SUMMARY
Biointelligence and Biosecurity for the Intelligence Community (B24IC) program seeks to develop new capabilities, matching the wider synthetic biology and biotechnology fields, ensuring the Intelligence Community’s (IC’s) capability to meet the biointelligence and biosecurity threats of the 21st century. This includes developing new ways to collect, detect, analyze, and prevent traditional biothreats while also addressing the promise and perils associated with the growing fields of biotechnology and synthetic biology. To address these challenges, the IC seeks to advance research across multiple sub-disciplines of biology.
In recent decades, the rise of synthetic biology has corresponded with critical advances in biology research. From polymerase chain reaction (PCR) in the 1980s to next generation sequencing (NGS) in the late 90s to numerous mechanisms for genetic engineering enabling a variety of engineered organisms in the past decade, the branches of synthetic biology and enabling biotechnologies have advanced at a prodigious rate.
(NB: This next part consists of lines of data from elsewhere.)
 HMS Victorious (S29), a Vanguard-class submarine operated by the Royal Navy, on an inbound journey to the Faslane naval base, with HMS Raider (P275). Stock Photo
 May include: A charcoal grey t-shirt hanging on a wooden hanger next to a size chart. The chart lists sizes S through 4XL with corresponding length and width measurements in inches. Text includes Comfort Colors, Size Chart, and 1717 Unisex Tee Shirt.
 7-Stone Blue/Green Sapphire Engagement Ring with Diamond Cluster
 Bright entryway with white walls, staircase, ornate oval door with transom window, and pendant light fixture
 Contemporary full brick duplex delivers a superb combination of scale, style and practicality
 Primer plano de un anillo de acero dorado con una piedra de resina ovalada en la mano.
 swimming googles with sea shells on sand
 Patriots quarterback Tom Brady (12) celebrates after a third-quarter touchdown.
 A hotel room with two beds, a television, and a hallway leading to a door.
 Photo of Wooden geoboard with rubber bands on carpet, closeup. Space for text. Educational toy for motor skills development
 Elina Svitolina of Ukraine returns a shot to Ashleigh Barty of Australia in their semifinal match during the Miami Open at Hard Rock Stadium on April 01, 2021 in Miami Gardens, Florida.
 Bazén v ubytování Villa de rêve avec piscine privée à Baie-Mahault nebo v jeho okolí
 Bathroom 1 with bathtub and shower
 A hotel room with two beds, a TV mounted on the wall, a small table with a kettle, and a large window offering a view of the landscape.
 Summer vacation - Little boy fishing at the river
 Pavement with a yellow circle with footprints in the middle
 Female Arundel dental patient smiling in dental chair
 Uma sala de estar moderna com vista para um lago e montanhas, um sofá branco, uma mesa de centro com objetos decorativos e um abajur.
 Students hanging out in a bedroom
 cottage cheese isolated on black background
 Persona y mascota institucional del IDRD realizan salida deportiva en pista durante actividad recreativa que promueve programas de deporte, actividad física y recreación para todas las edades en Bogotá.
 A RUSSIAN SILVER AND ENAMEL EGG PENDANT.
The IC, and IARPA specifically, has pursued numerous research programs to advance security interests, but the needs of the IC require rapid advancement of numerous research topics to meet and leverage the advances the many biological disciplines have brought into reality in the past decades. These needs align with developing new methods for countering traditional biothreats of concern while also looking towards the future where bio-focused capabilities may enable or support IC relevant capabilities.